**EXERCISE DIRECTIONS**.
Copy, exactly as written, the lines that begin at the one containing "Else does not" and end at the one containing "Hello, this is". Skip any pictures in the data below.

[Stored data]

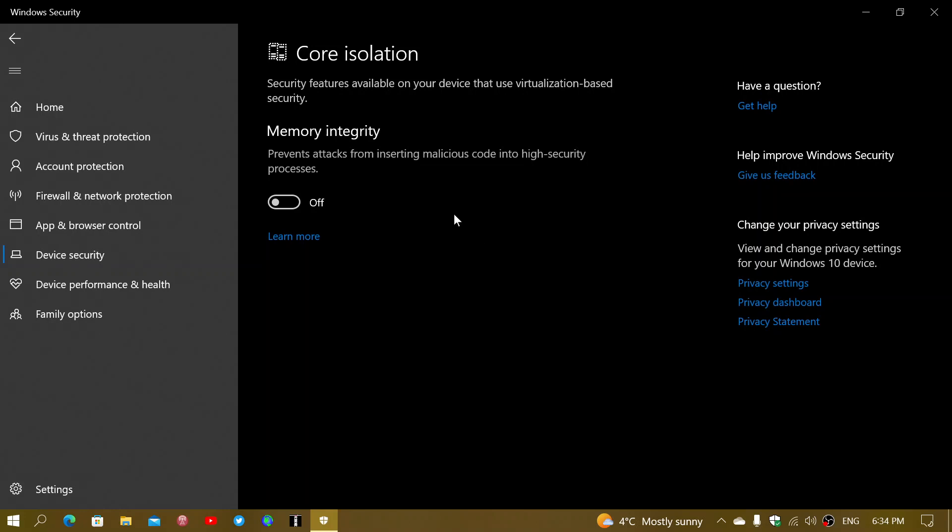there was memory integrity, local security authority protection, Microsoft Defender Credentials Guard, and Microsoft Vulnerable Driver Blocklist. All of these are not available in here except just the memory integrity.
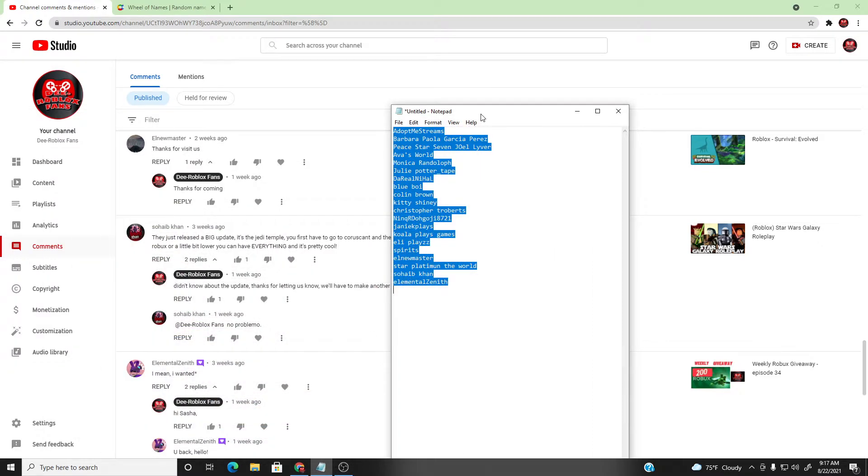Hey guys, welcome to another episode of D-Roblox fans. This is our weekly giveaway, August 20th, Friday.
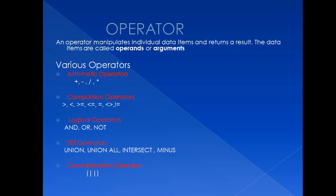Arithmetic operators are used to perform mathematical operations like addition, subtraction, division or multiplication.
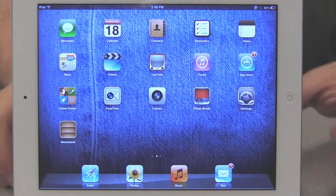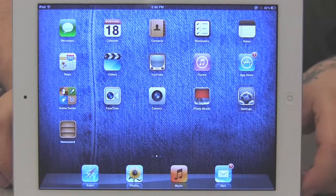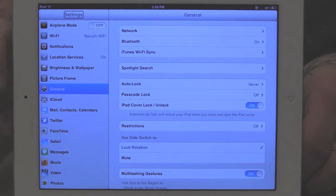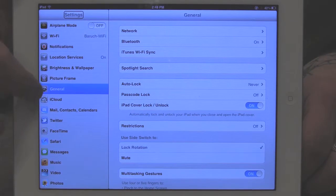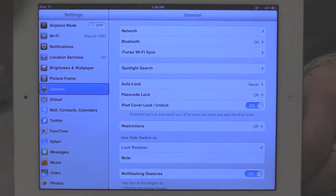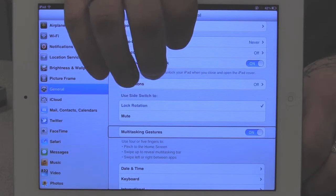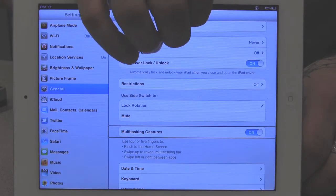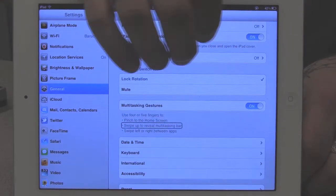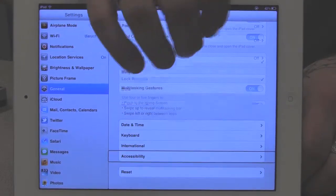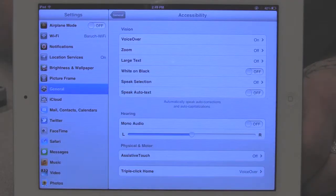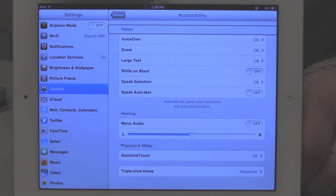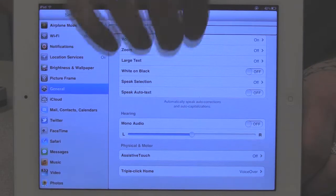We're going to go to Settings, and then we're going to make sure that General is selected. Then over here on the right side of the screen, we're going to go to the accessibility window. And then under the accessibility window, we're going to go to VoiceOver.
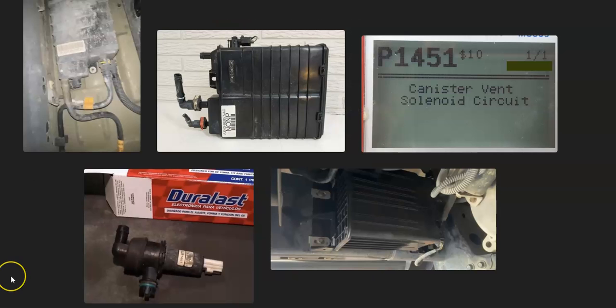That's basically it. I just wanted to give a basic overview of how you go about fixing a Ford with the P1451 code. If you have anything to add, please comment below. If you have any questions, ask me and I'll try to answer them. If this video helps you, please click like and subscribe. Have a good day.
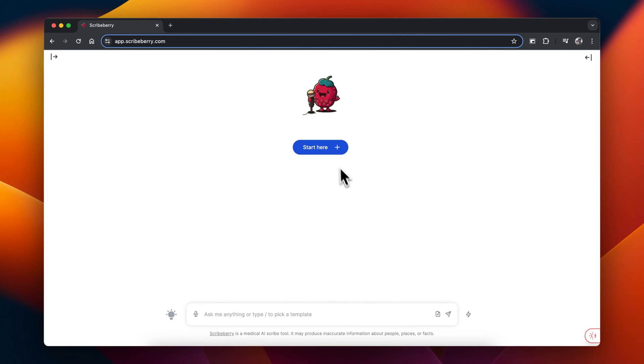Hi, this is Dr. Molu from Scribeberry. Let me show you how to use Scribeberry to optimize your medical charting.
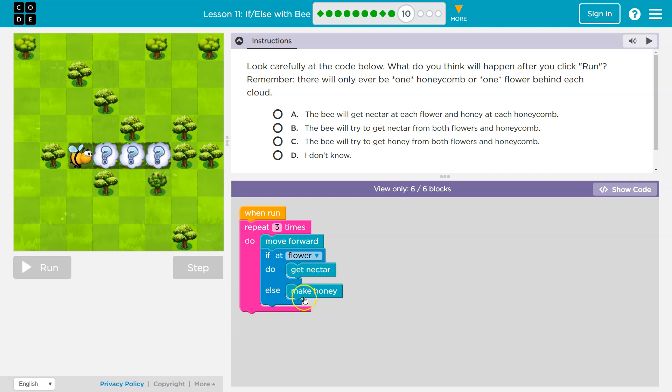Else does not happen. Make honey? Nope. I'm at a flower. I get the nectar. Hit the bottom of the loop. Go back to the top and move forward again.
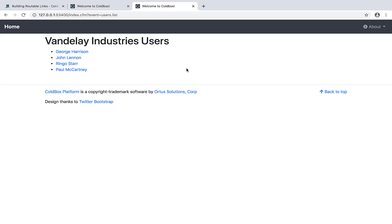We've discussed before how ColdBox is a front controller MVC framework, and that means that all the URLs for your application go to the index.cfm page. We don't really have individual pages in our ColdBox app; we have handlers and actions instead. They all eventually get turned into URLs that are just fed into index.cfm with event equals some handler action on the end of that URL, and that's how ColdBox routes between the different places in your application.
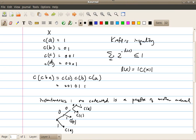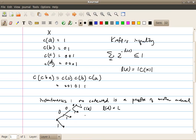Now let's consider the deepest level — the level containing the longest code word, C(D), which we'll call level L. I want to count the descendants of each code word projected to this level L. For example, the code word at level 1 has 2 descendants, the one at level 2 has 4 descendants, and the one at level 1 has 8 descendants at level L.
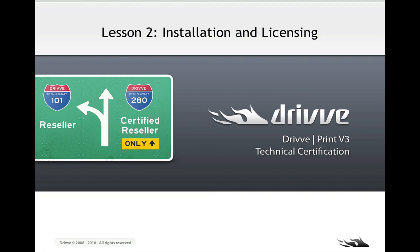Hello, this is the first video of the second lesson of the DrivePrint version 3 technical certification course. This lesson is going to cover installation and licensing, and specifically this video is going to go through the setup process.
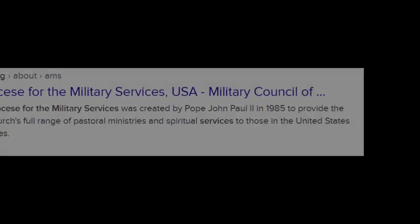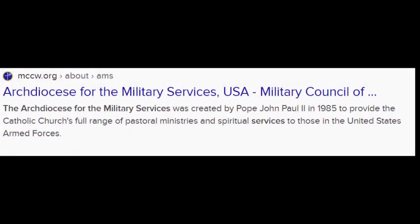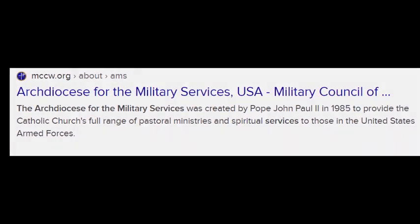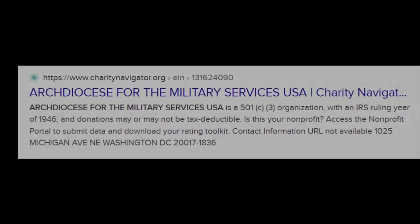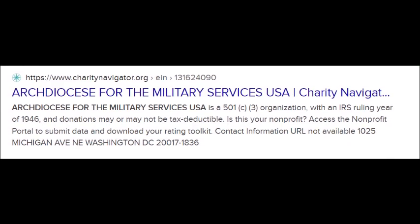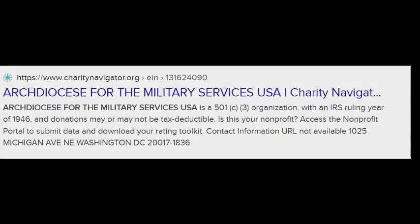This is to be carried out by the crook-carrying swindlers who usurp and destroy every country so that all things of value may be fleeced from what they consider their sheep. One of the primary things they need to keep an eye on is the military. Thus, the Archdiocese for the Military Services was created by Pope John Paul II in 1985 to provide the Catholic Church's full range of pastoral ministries and spiritual services to the United States Armed Forces — 'pastoral,' of course, being like a pasture in which sheep go and graze. The Archdiocese for the Military Services USA is a 501(c)(3) organization with an IRS ruling year of 1946.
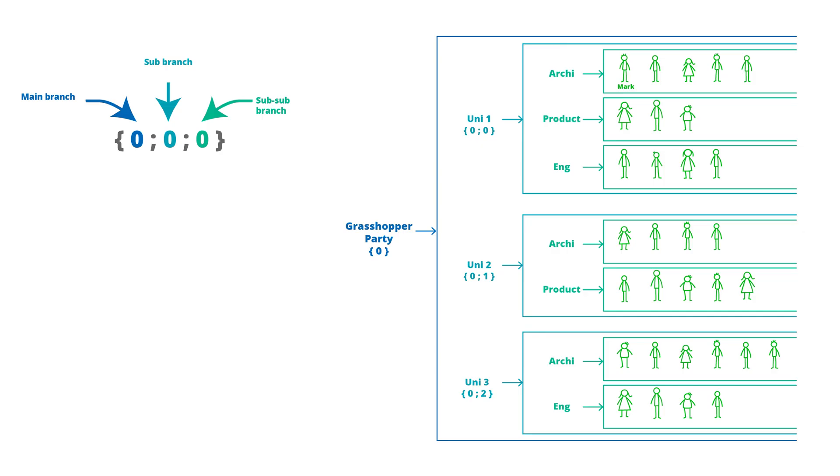And for each of the different degrees we would notate with a 0 for the Grasshopper party they are nested within, 0 if they are located at Uni 1, and then starting at 0 for our architecture students and counting up for each subsequent degree type.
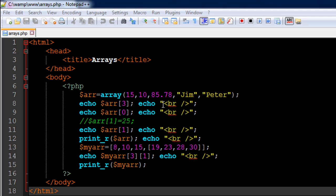Now in an array that problem is solved because you sort of reserve for yourself a set of memory locations and in those memory locations you can have different values.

**RESPONSE BELOW**.
Else does not happen. Make honey? Nope. I'm at a flower. I get the nectar. Hit the bottom of the loop. Go back to the top and move forward again.
We've discussed before how ColdBox is a front controller MVC framework, and that means that all the URLs for your application go to the index.cfm page. We don't really have individual pages in our ColdBox app; we have handlers and actions instead. They all eventually get turned into URLs that are just fed into index.cfm with event equals some handler action on the end of that URL, and that's how ColdBox routes between the different places in your application.
Now let's consider the deepest level — the level containing the longest code word, C(D), which we'll call level L. I want to count the descendants of each code word projected to this level L. For example, the code word at level 1 has 2 descendants, the one at level 2 has 4 descendants, and the one at level 1 has 8 descendants at level L.
Hello, this is the first video of the second lesson of the DrivePrint version 3 technical certification course. This lesson is going to cover installation and licensing, and specifically this video is going to go through the setup process.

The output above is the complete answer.